> [PROBLEM TO SOLVE]: Where the material below has a line containing "Floral Print Long Sleeve Contrast Maxi Dress", start repeating exactly, and keep going through the line containing "Hudson Reed Lille", with no other lines.

──────── RECORDS SHOWN ────────

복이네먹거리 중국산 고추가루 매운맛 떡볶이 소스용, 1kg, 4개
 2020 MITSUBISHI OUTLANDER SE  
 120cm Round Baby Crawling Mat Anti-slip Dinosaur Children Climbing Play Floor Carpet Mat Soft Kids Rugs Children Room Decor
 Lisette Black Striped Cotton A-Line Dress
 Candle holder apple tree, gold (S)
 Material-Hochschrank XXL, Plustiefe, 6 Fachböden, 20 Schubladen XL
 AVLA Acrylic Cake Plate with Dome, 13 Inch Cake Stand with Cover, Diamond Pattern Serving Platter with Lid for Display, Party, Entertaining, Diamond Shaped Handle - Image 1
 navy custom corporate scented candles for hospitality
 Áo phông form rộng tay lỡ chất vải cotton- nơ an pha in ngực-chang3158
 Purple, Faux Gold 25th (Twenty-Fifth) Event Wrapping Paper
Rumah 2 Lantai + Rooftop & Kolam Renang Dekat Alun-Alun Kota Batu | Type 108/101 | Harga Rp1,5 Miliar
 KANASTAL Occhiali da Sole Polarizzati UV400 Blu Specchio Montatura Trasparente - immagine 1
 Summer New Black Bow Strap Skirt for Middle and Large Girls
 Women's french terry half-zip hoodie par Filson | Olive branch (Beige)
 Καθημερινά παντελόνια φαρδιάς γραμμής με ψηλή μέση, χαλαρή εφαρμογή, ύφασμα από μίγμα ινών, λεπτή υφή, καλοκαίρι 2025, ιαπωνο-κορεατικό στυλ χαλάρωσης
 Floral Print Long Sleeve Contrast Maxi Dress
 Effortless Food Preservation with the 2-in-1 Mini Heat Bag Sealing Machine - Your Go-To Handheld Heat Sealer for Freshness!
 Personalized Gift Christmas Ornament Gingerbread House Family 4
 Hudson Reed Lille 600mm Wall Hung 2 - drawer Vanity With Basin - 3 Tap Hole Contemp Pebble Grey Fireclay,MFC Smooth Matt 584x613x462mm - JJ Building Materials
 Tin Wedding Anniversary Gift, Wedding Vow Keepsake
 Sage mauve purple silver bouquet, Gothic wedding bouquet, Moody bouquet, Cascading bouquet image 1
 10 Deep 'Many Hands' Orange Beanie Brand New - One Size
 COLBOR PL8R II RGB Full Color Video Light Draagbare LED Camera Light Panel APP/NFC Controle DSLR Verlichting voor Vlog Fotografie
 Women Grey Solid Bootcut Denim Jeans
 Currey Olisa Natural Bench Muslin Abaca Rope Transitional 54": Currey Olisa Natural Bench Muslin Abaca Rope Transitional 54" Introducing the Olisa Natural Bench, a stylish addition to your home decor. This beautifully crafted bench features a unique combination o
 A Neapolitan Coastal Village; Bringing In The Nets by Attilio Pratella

────────

> [SOLUTION FOR THIS TASK]:
 Floral Print Long Sleeve Contrast Maxi Dress
 Effortless Food Preservation with the 2-in-1 Mini Heat Bag Sealing Machine - Your Go-To Handheld Heat Sealer for Freshness!
 Personalized Gift Christmas Ornament Gingerbread House Family 4
 Hudson Reed Lille 600mm Wall Hung 2 - drawer Vanity With Basin - 3 Tap Hole Contemp Pebble Grey Fireclay,MFC Smooth Matt 584x613x462mm - JJ Building Materials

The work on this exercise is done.